A practical case for using GNU Make as a project task runner for non-C codebases, with the handful of patterns that make it pleasant instead of cursed.

A mechanical keyboard next to a terminal

Every project I touch grows a handful of commands you have to remember. Build the thing, run the tests, lint, format, generate the docs, build the Docker image, push it. They end up scattered across a README, a few shell scripts, someone's bash history, and a CI config that's quietly the only source of truth. I've tried the dedicated task runners. Most of the time I come back to a Makefile, and not because I'm nostalgic.

The objection is fair: Make was built to compile C, its syntax is from another era, and tabs-versus-spaces will bite you within the first five minutes. All true. But for a Python service, a Rust binary, a static site, a pile of YAML, Make does one thing extremely well that the alternatives mostly don't: it's already installed, it has no config format to learn beyond targets and recipes, and make test works the same on my laptop, my colleague's laptop, and the CI runner. That portability is worth a lot of awkward syntax.

the bare minimum that makes it pleasant

A naive Makefile for a non-C project has two problems. First, Make thinks every target is a file, so if you have a test target and a test/ directory it gets confused. Second, with no output it's hard to see what's running. Both are a few lines to fix.

.PHONY: help build test lint fmt clean

help: ## Show this help
	@grep -E '^[a-zA-Z_-]+:.*?## .*$$' $(MAKEFILE_LIST) \
		| awk 'BEGIN {FS = ":.*?## "}; {printf "  %-12s %s\n", $$1, $$2}'

build: ## Build the binary
	cargo build --release

test: ## Run the test suite
	cargo test

lint: ## Run clippy
	cargo clippy -- -D warnings

fmt: ## Format the code
	cargo fmt

Two things are doing the work here. .PHONY tells Make these targets aren't files, so it always runs them. And the ## comment trick plus that help recipe gives you a self-documenting menu: type make (with help as the default goal) and you get a list of what's available. New starter clones the repo, runs make, and sees exactly which doors exist. That alone has saved me more onboarding conversations than any wiki page.

Lines of code on a dark editor background

the patterns that earn their keep

A few more I reach for constantly.

Variables for the things you'll want to override:

IMAGE ?= myapp
TAG   ?= $(shell git rev-parse --short HEAD)

docker: ## Build and tag the image
	docker build -t $(IMAGE):$(TAG) .

The ?= means "set this unless it's already set", so CI can pass TAG=v1.2.3 make docker and override it. The git rev-parse gives you a sensible default locally. This is the kind of small ergonomic win that adds up.

Real dependencies, where they exist.

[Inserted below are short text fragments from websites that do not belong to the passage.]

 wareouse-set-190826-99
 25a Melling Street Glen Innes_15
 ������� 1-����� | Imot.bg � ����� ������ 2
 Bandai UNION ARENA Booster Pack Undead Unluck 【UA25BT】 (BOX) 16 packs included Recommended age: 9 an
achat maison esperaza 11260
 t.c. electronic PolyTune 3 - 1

This is the one genuine advantage Make has over a flat list of shell aliases: targets can depend on each other and on files, and Make won't redo work that's already current.

node_modules: package.json package-lock.json
	npm ci
	@touch node_modules

build: node_modules ## Build the site
	npm run build

Now make build only runs npm ci if package.json changed since the last install. The touch is a small lie to Make so it treats the directory's timestamp as the marker. It's a hack, but it's a stable, well-understood hack, and it turns "always reinstall everything" into "reinstall when it actually changed".

where I draw the line

Make is a task runner with a build system bolted to the side, and you should use the first part and mostly ignore the second for these projects. The moment a recipe grows past a few lines or needs real control flow, I move the body into a scripts/ shell file and have Make just call it. Make is bad at logic, conditionals, and anything resembling a loop. Don't make it do those. Let it be the index, and let scripts be the content.

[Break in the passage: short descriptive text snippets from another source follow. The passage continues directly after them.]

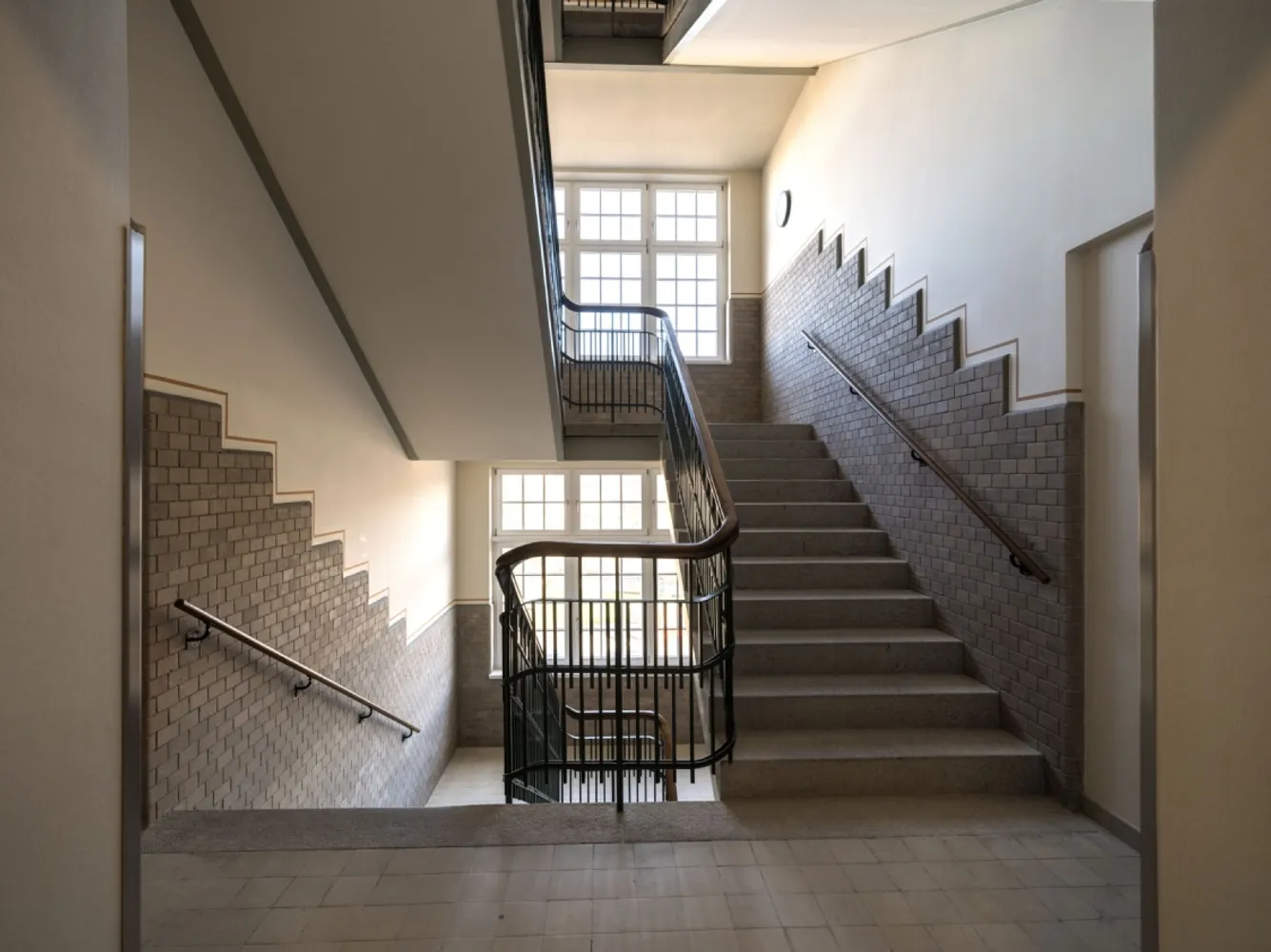 2 Zimmer Wohnung mit 53 m² in Leipzig – Bild 11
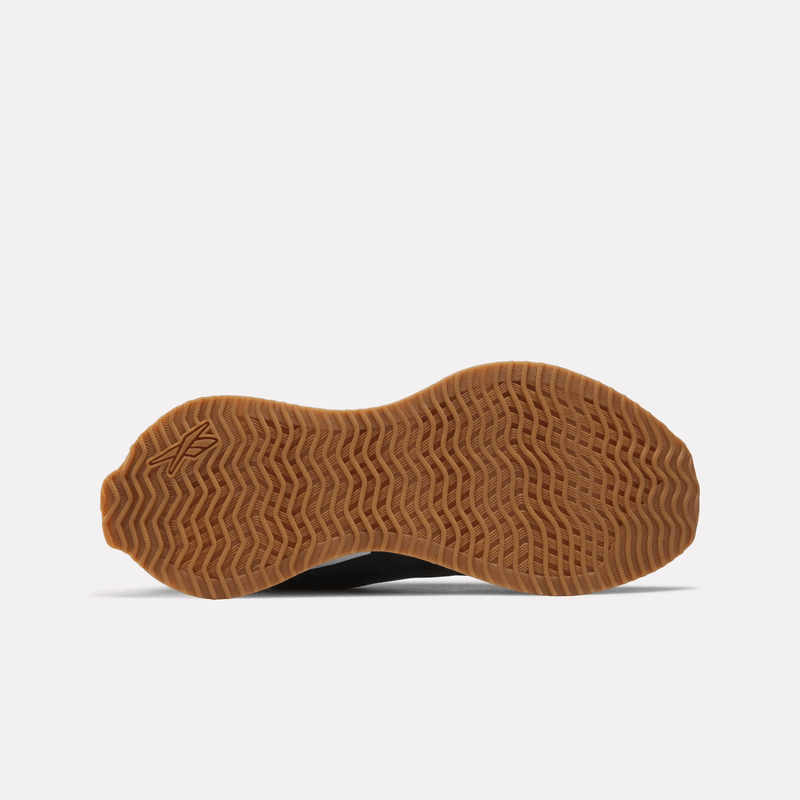 Zig Dynamica STR Shoes
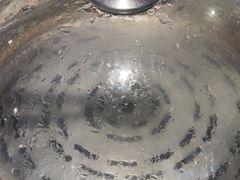 -碗中海·蒸汽海鲜·桑拿鸡(岭南天地店)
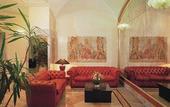 Туры в отель Esplanade hotel Pescara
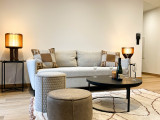 Sapin-2-salon-location-appartement-chalet-Les-Gets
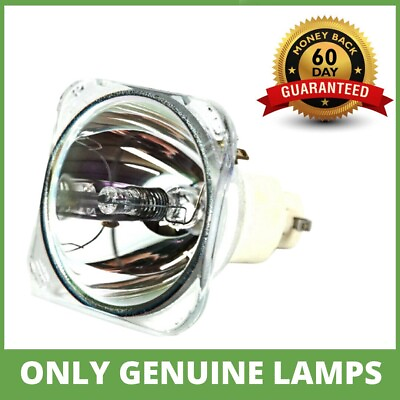 #ad Original Projector OEM Lamp Bulb for Osram P VIP 180 230 1.0 E20.5 E20.6 E20.6N $37.99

I also keep one rule: a target should do one obvious thing. make deploy that secretly also builds, tests, and pushes is how you end up afraid of your own Makefile. List the dependencies explicitly so the chain is visible, and keep each recipe honest about what it runs.

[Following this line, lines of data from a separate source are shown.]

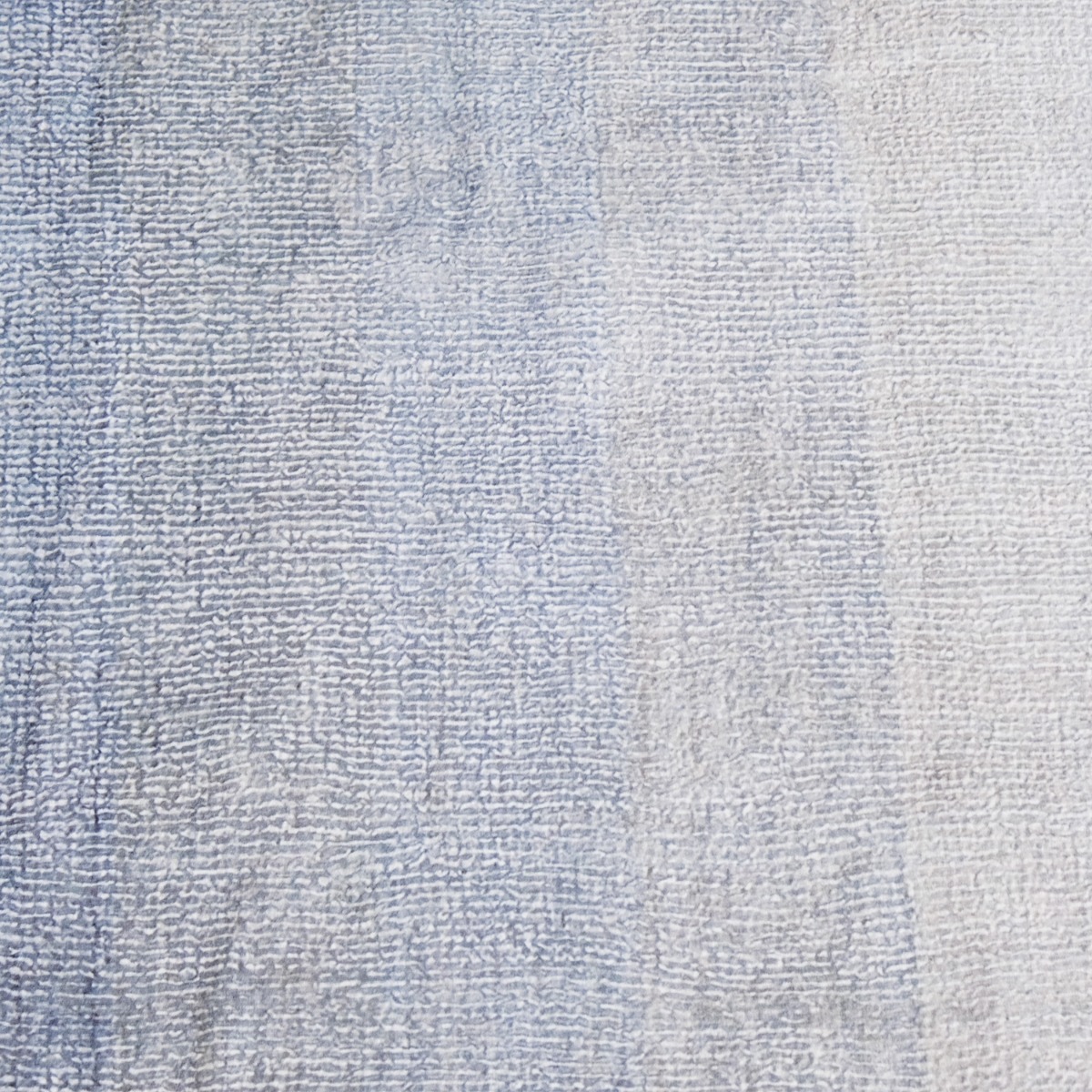 Lufy Printed Soft Polyester Rug 240x350cm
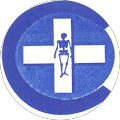 Ortho Centre Avatar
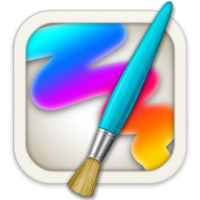 PhotosRevive 2.2.0 老旧照片自动着色工具下载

None of this is clever. That's the appeal. A Makefile in the root of the repo is a contract any engineer can read in thirty seconds, it needs nothing installed that isn't already there, and it'll still work in five years when whichever shiny task runner I'd otherwise have picked has been deprecated twice. For things that aren't C, that's exactly the boring reliability I want from the layer that runs everything else.